In colonial America, this figure was often exceeded, Dr. Aufderheide says. This is because there was considerable exposure from lead-glazed ceramic and pewter containers used for storage, preparation and serving of food and beverages. But only the affluent could have afforded these particular household goods.
So the researchers reasoned that if they measured the lead content of bones from skeletons of black and white colonial Americans living away from urban centers, the results might reveal the social relationships among the families of the white owners and their slave and servant households.
They had access to 82 skeletons that archaeologists had excavated from four burial sites. Two of the graveyards represent black populations. One was a slave labor force at a white-owned ironworks furnace near Frederick in Maryland. The other was a black artisan group, probably of free status, at College Landing in Virginia.

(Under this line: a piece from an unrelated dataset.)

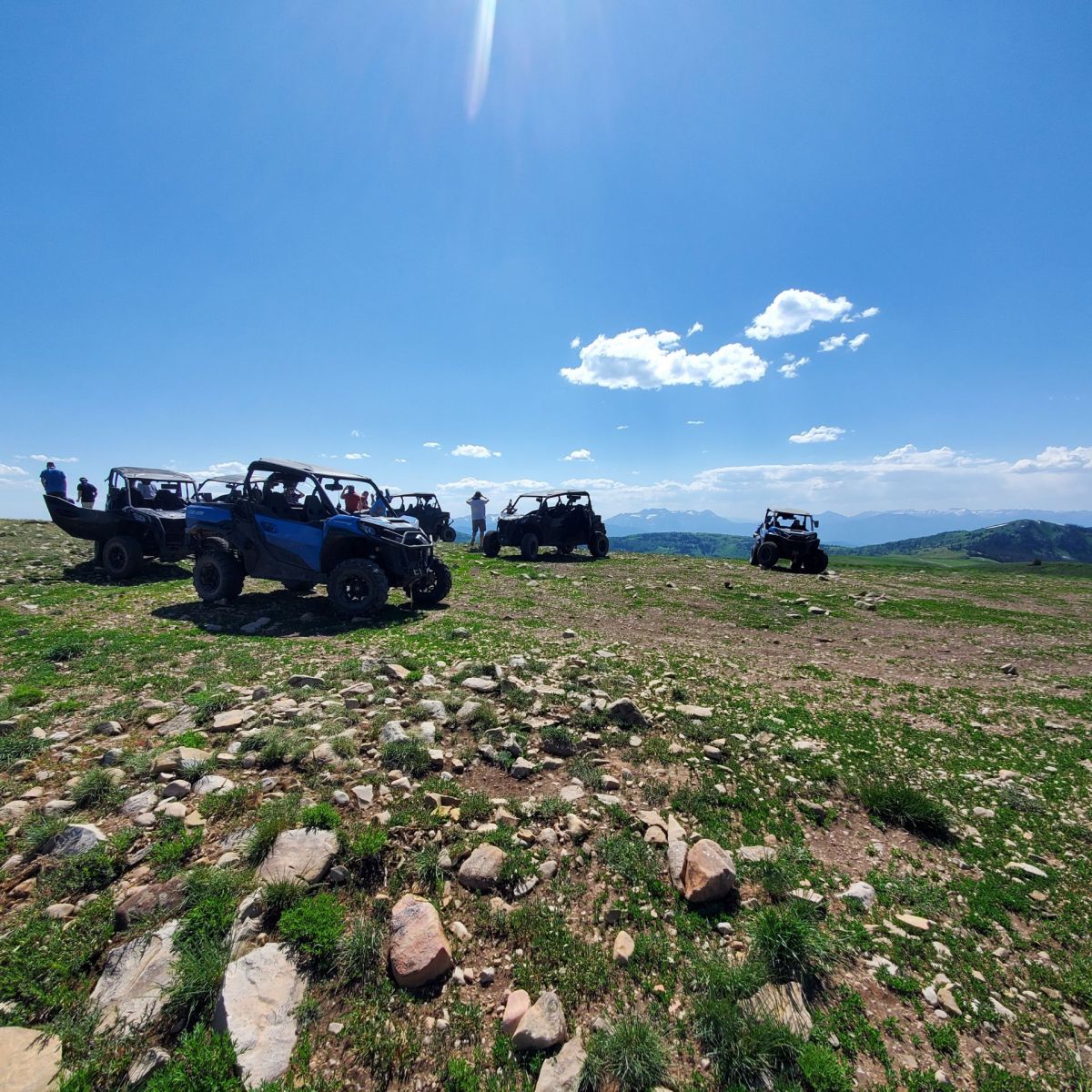 A group of Can-Am off-road UTVs parked at a viewpoint in Utah, grouped with people walking around, talking, and taking photos.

The two white colonial populations were from graveyards on plantations near Jamestown in Virginia and Savannah in Georgia.
Old censuses and estate records helped the archaeologists to identify the burials. Further clues to the status of some of the individuals were provided by the method of internment.
Among 16 adult furnace workers, the women had three times more lead in their bones than their menfolk (an average of 40.3 versus 14.1 micrograms per gram of bone ash). Dr. Aufderheide speculates that this may be because the women had access to their white owner’s kitchen and cooking equipment while engaged in domestic duties.
The black artisans from the College Landing burials, which date from 1790 to 1820, had a broad range of lead in their bones (the average among 14 adults was 42 micrograms, but four individuals had well over 50 micrograms of the metal. According to some, these relatively high values suggest that some free blacks enjoyed considerable economic success in the later days of the colonial period.
The burials on the white-owned plantations are more complicated. In general, however, the amounts of lead confirm the social status of the individuals with families sharing similar degrees of lead contamination.
White tenant farmers tended to have more lead in their bones than either free blacks or slaves but to have less than the wealthier plantation owners. Some white individuals had a lead burden of more than 100 micrograms.
An anomaly is a female aged 43 with more than 260 micrograms. This exceptionally high value could be explained, the researchers suggest, if she was a white servant, perhaps the family cook.
But generally, white servants had low amounts of lead, especially those working for white tenant farmers. Could this mean a domestic life sharply segregated from that of their employers?